2008-08-01

The First Pyramids

The Pyramid Age began during the Old Kingdom (2650-2134 B.C.), when the first pyramids were built by King Djoser in the third dynasty. Construction of pyramids continued until 1640 B.C. During the first and second dynasties, Egyptian kings were buried in mastabas. The deceased were laid to rest in an underground chamber at the bottom of a shaft, and a flat-topped tomb was placed over them. King Djoser established a powerful centralized administration based in the city of Memphis, not far from the present-day city of Cairo. One of his officials was the famous architect and scholar Imhotep, who designed the Step Pyramid, a pharaoh's tomb at Saqqara that looks like a stairway to heaven. This tomb is an elaboration of the original mastabas, with its central burial chamber. In the fourth dynasty, the Pharaoh Snefru built the first geometrically true pyramids at Dahshur, south of Saqqara. He started by adding a smooth casing over the steps of two pyramids that were built by his predecessors. He then built two pyramids of his own.

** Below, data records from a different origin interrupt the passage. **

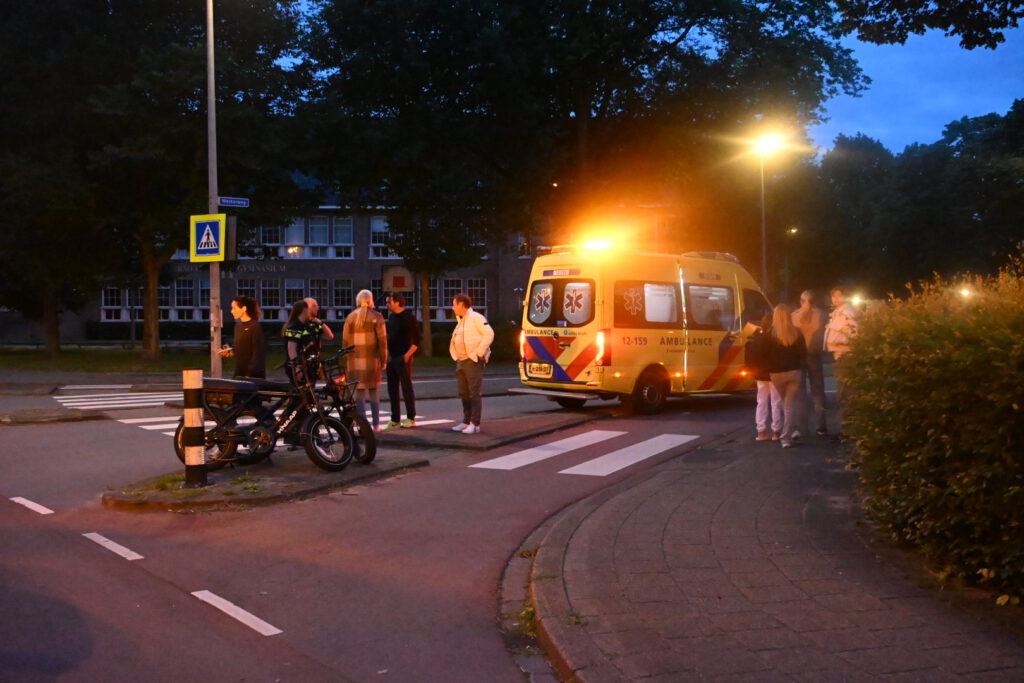 Fietser naar ziekenhuis na ongeval op Geesterweg in Alkmaar [FOTO'S]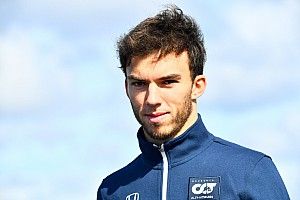 Врезался в Алонсо, а не в Переса. FIA объяснила штраф Гасли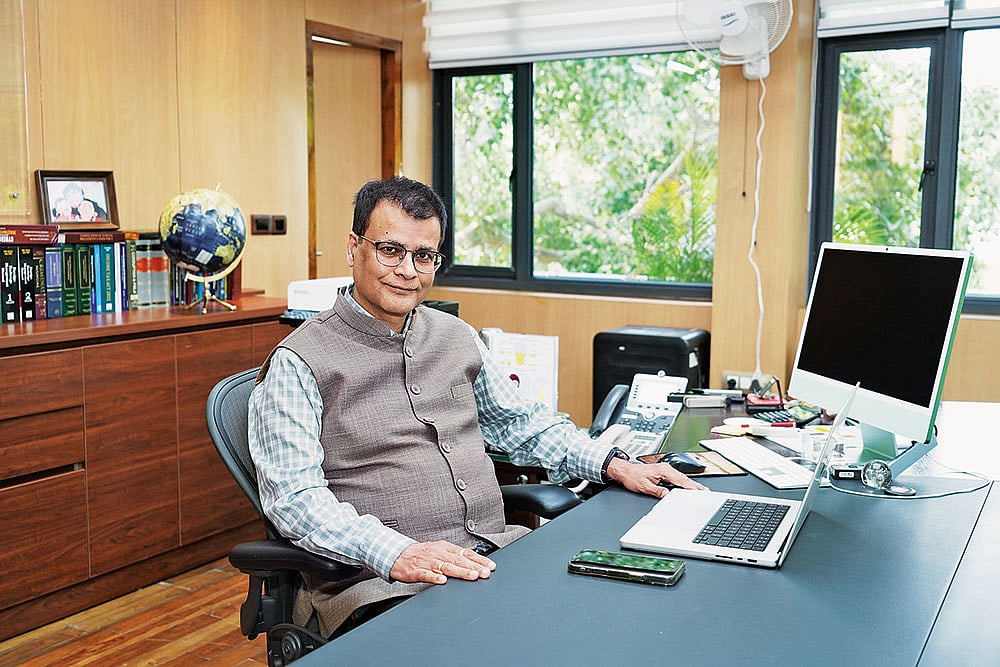 Rahul Navin, ED director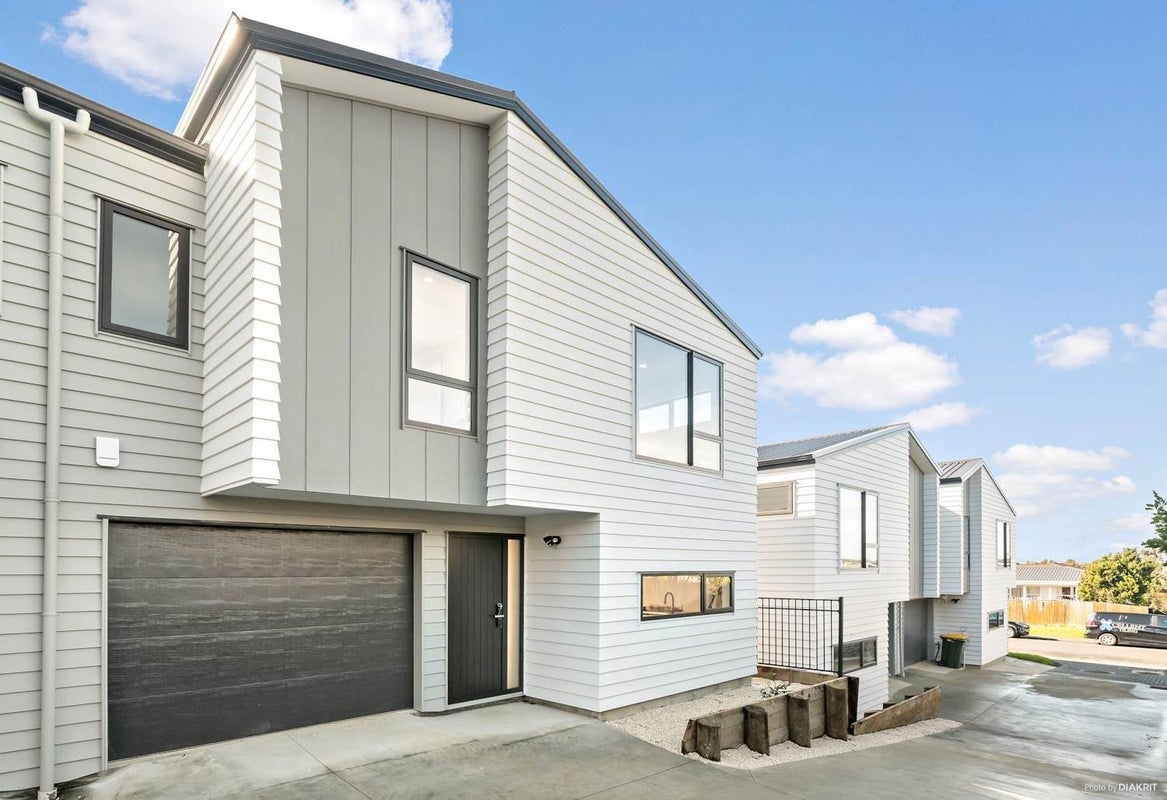 15C Ellen Avenue, Hillcrest, Auckland - Carousel 1
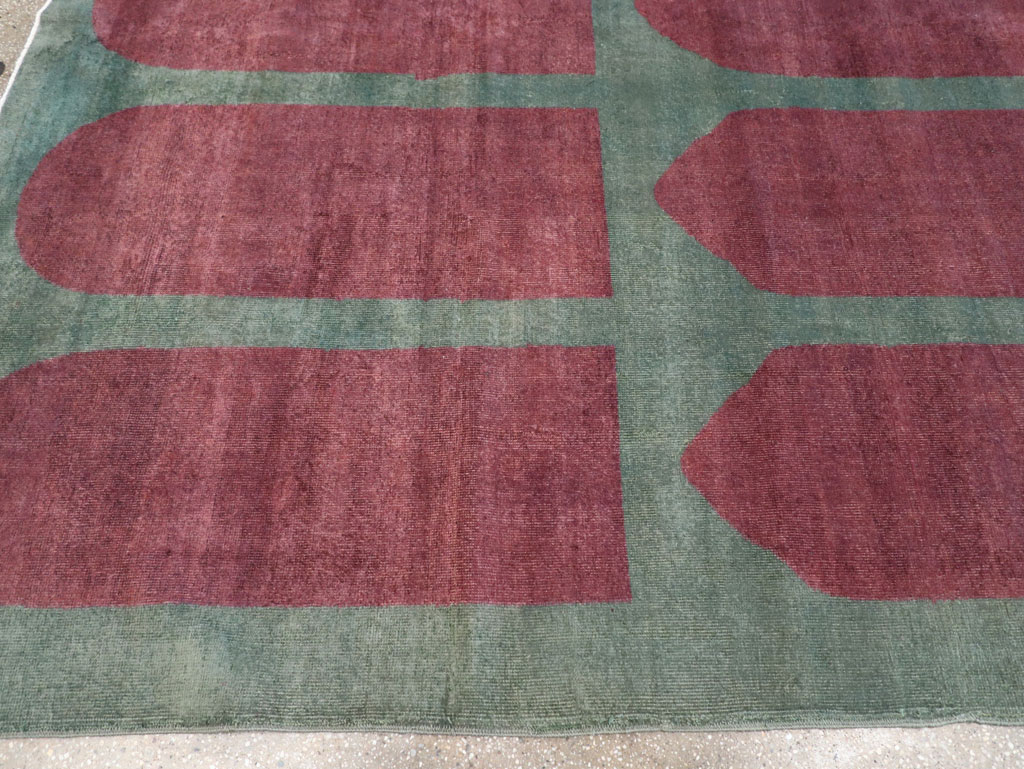 Vintage Turkish Art Deco Style Room Size Carpet, No.31516 - Galerie Shabab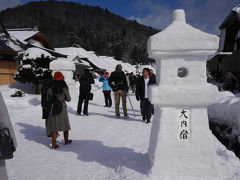 大内宿に着きました！

かやぶき屋根の街並みに雪が積もった風景は風情がありますね～！！
人もたくさんいて賑わっています。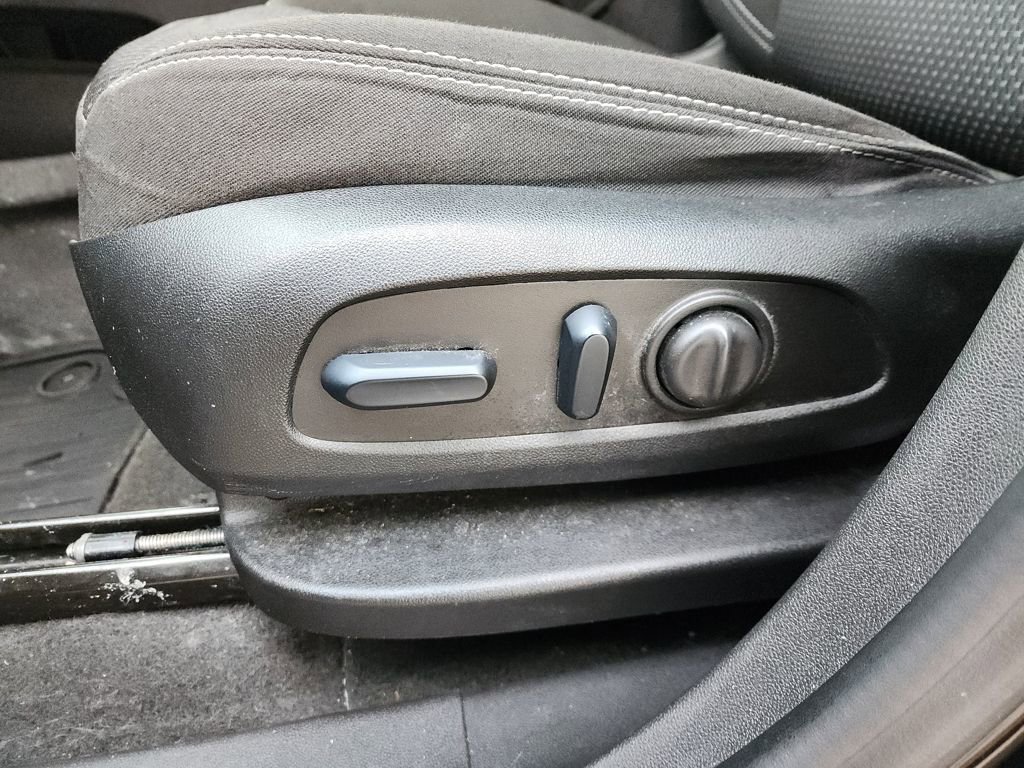 Certified 2024 GMC Terrain SLE w/ Driver Convenience Package image 30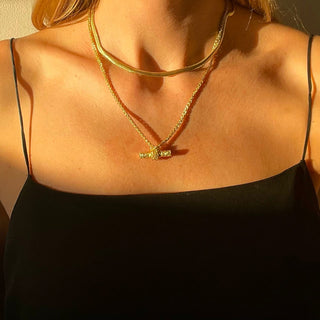 KNOTTED T-BAR pendant necklace, gold-plated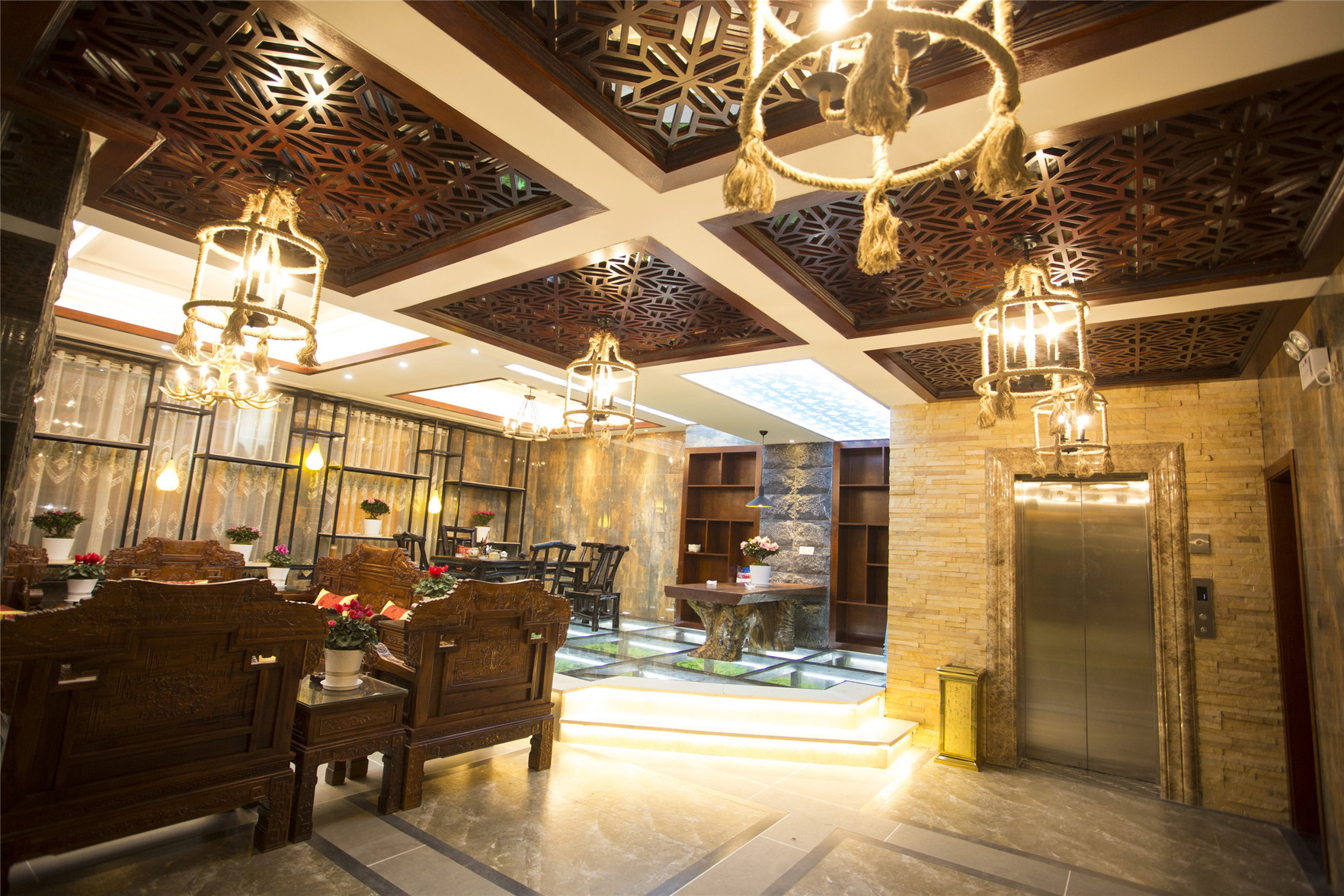 Haoyue Shijia Hotel 2*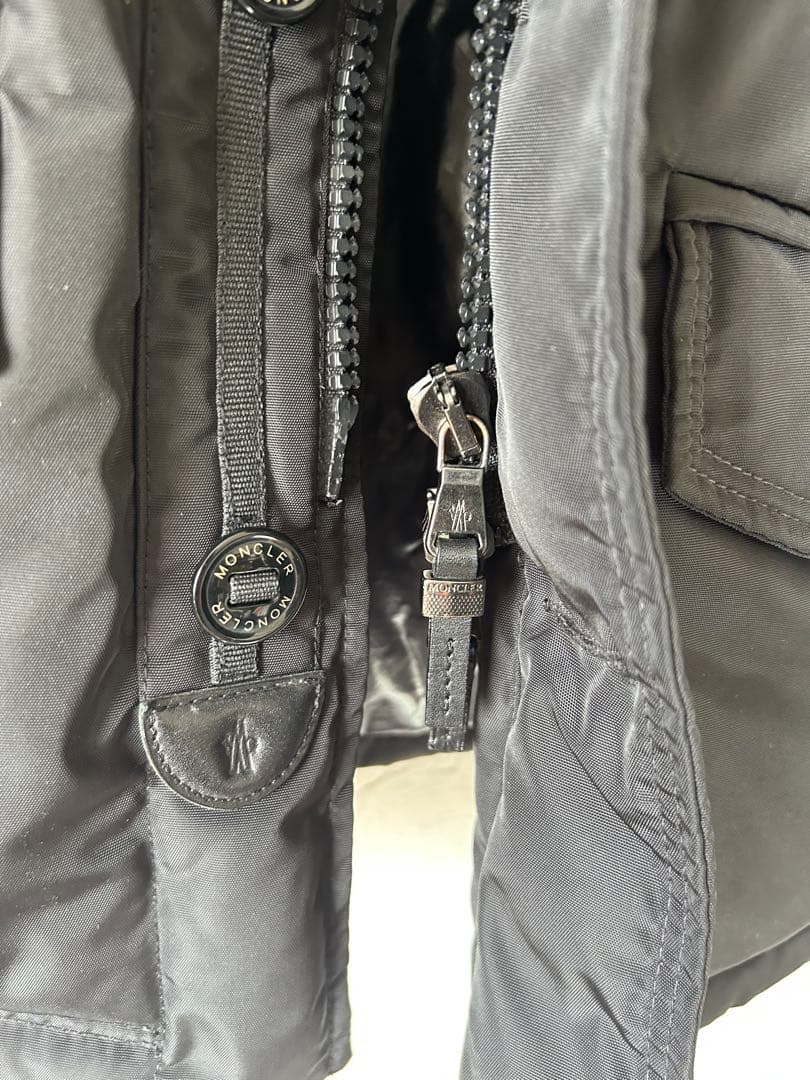 M*…様 レア!! MONCLER モンクレール TRIOMPHEM65 ダウン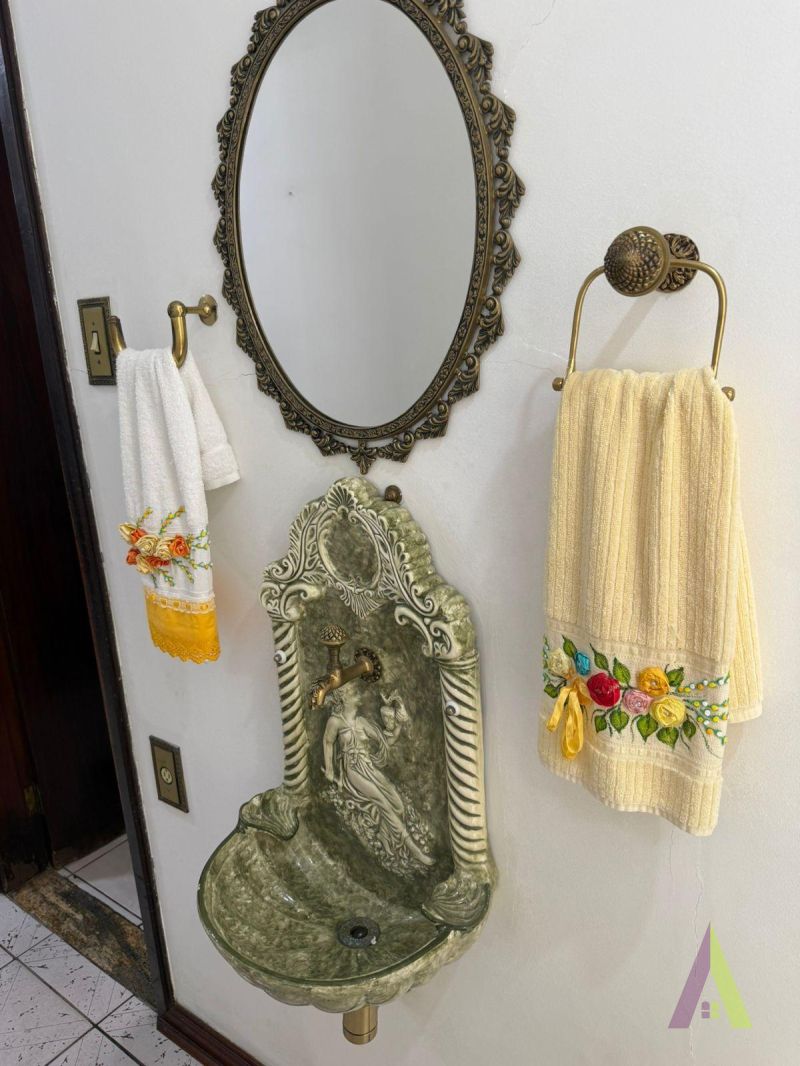 Sobrado com Edícula em Bairro Tradicional de São Roque!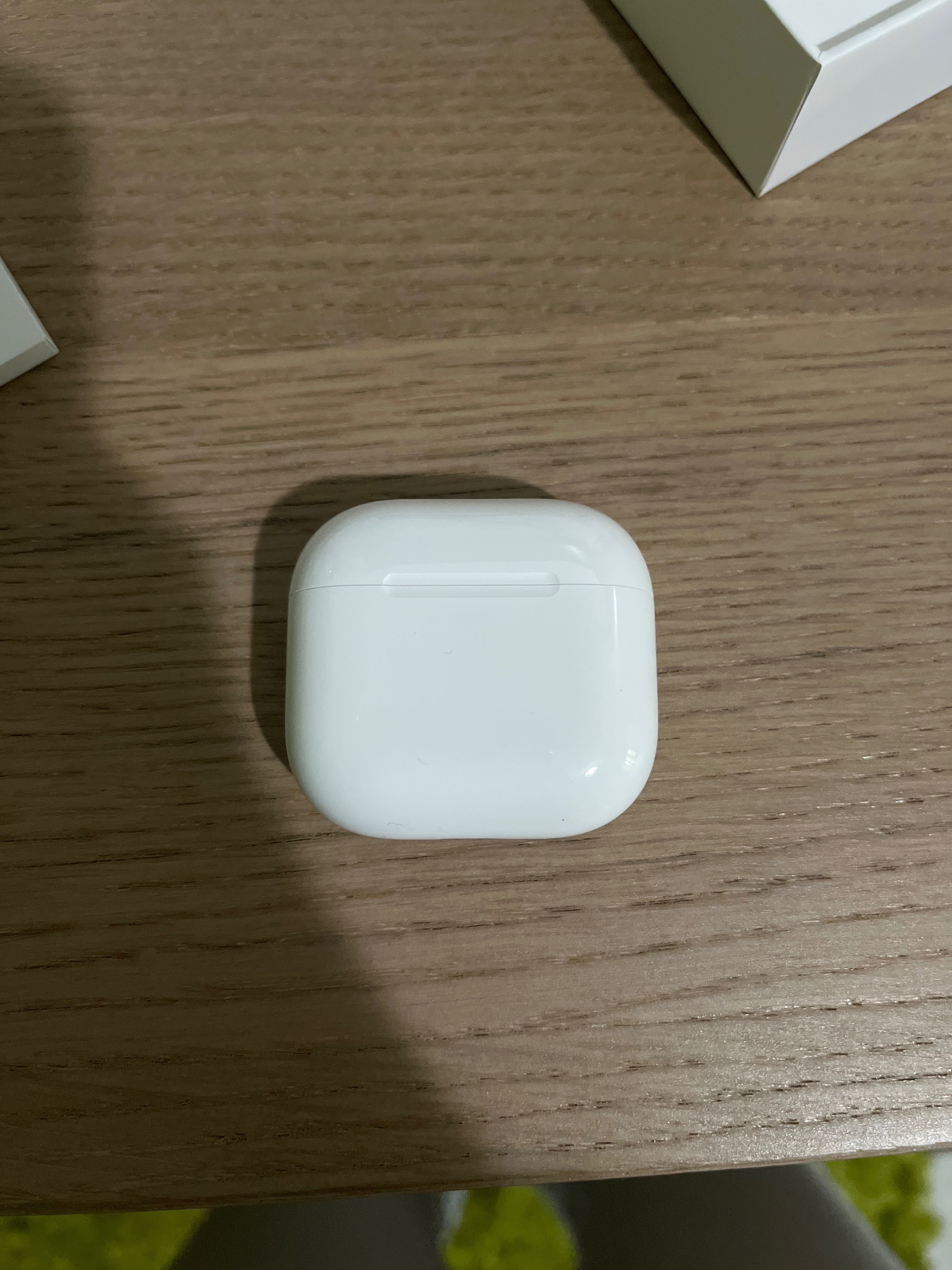 AirPods 4.ª geração originais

The pyramids built during the fifth dynasty had a core of rubble and mud bricks, and a limestone facing. When the limestone was removed, the core collapsed. Why the pharaohs chose a pyramid for their tombs is still a mystery. Perhaps the shape originated from the creation story, in which the world is conceived as a flat plane with four corners representing the north, east, south and west. When the sky rose up, forming an invisible central axis like a pole or tree in the centre, the world took on the shape of a pyramid. The pyramid may also represent the primeval mound that rose out of chaos and provided a resting place for the sun god, Re. Its peak may symbolize the point where sacred energy from the sky world enters the human world. Another theory suggests that when Re became more important in the Egyptian religion, the pyramid (like the obelisk) represented a ray of the sun.